= SUPPLIED RECORDS =
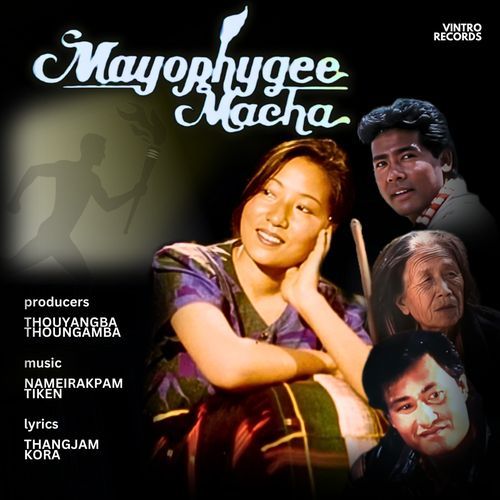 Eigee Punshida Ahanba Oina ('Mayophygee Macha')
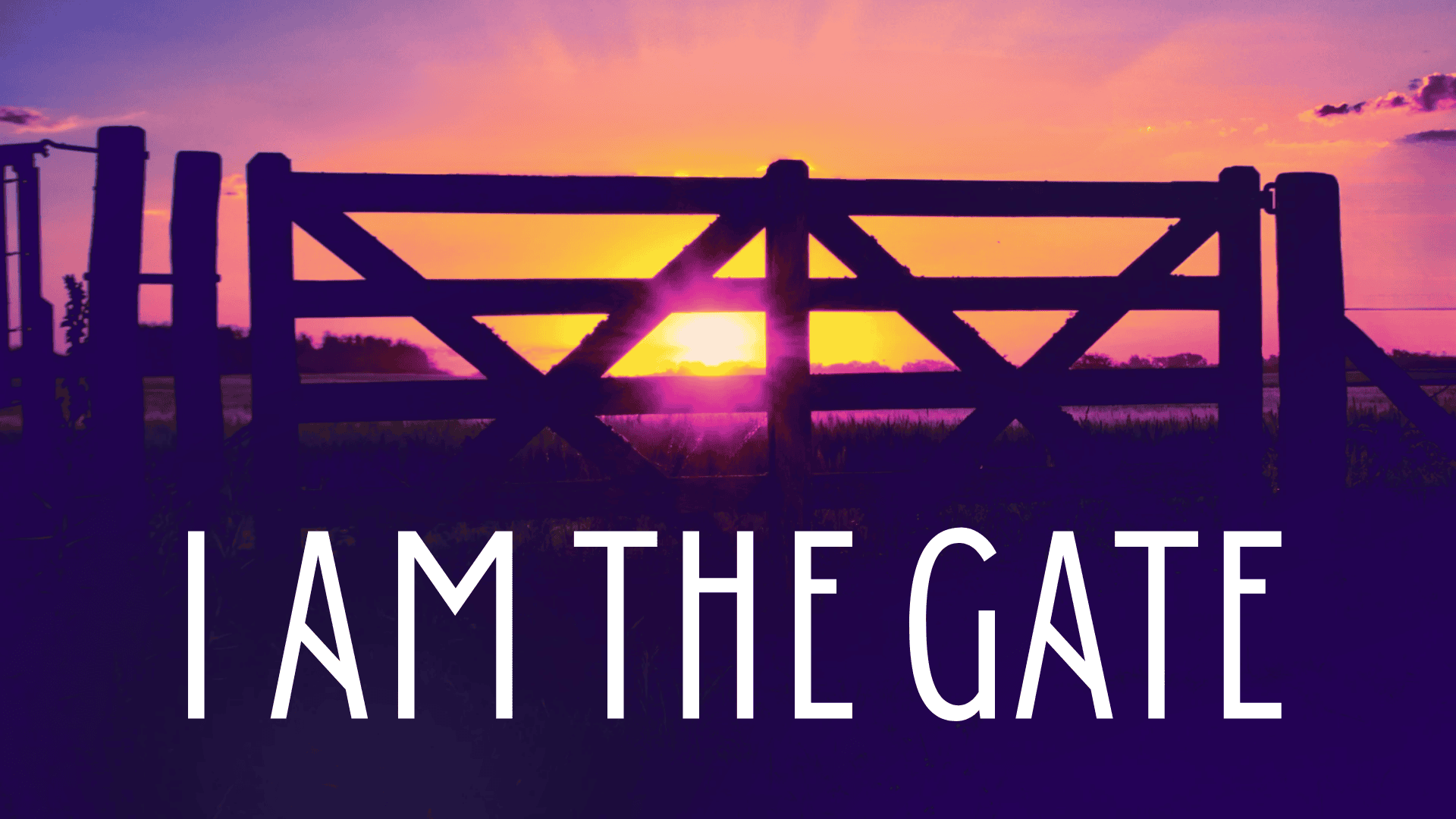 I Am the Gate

--

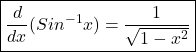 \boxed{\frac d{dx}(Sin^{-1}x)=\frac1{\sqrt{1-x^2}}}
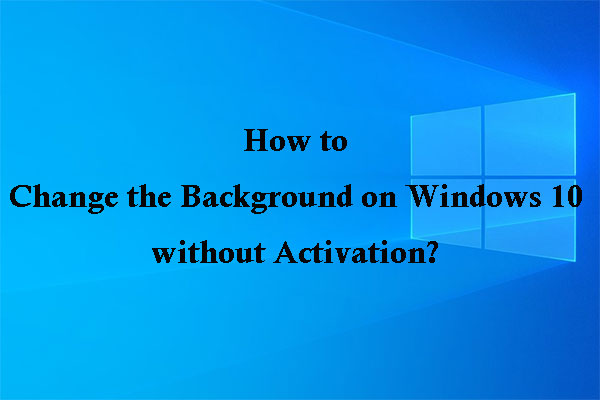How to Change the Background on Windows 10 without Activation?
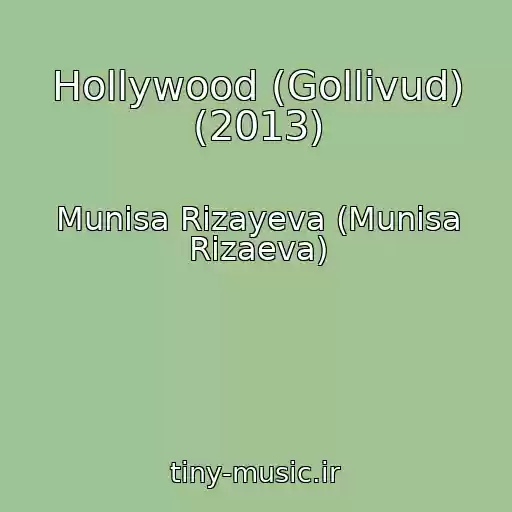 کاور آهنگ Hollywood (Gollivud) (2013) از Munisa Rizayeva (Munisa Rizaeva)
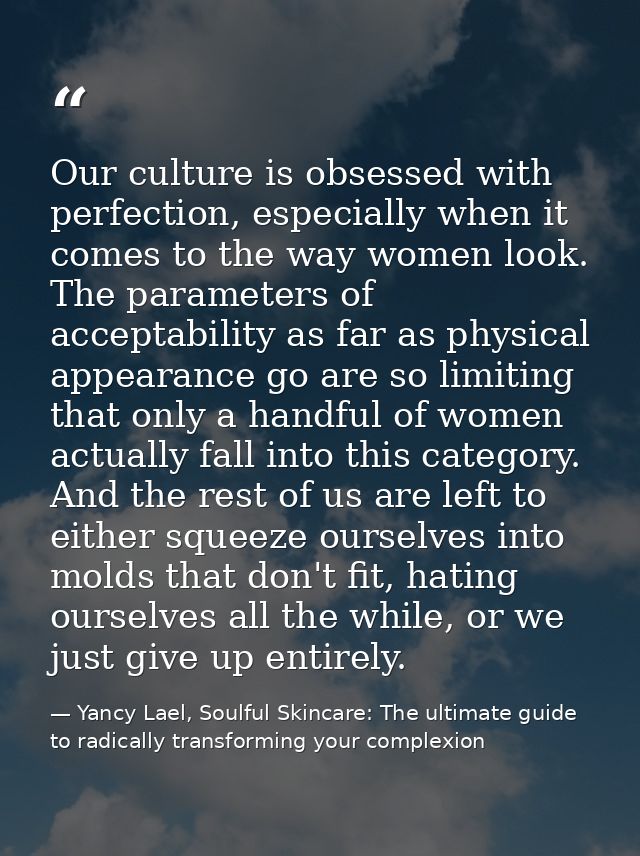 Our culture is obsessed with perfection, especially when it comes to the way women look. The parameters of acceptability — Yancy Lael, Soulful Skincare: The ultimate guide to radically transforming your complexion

= PROBLEM =
Lines from the one above containing "کاور آهنگ Hollywood" down to the one containing "Our culture is" should be transcribed exactly, with both ends kept and no pictures.

= ANSWER FOR THIS EXERCISE =
 کاور آهنگ Hollywood (Gollivud) (2013) از Munisa Rizayeva (Munisa Rizaeva)
 Our culture is obsessed with perfection, especially when it comes to the way women look. The parameters of acceptability — Yancy Lael, Soulful Skincare: The ultimate guide to radically transforming your complexion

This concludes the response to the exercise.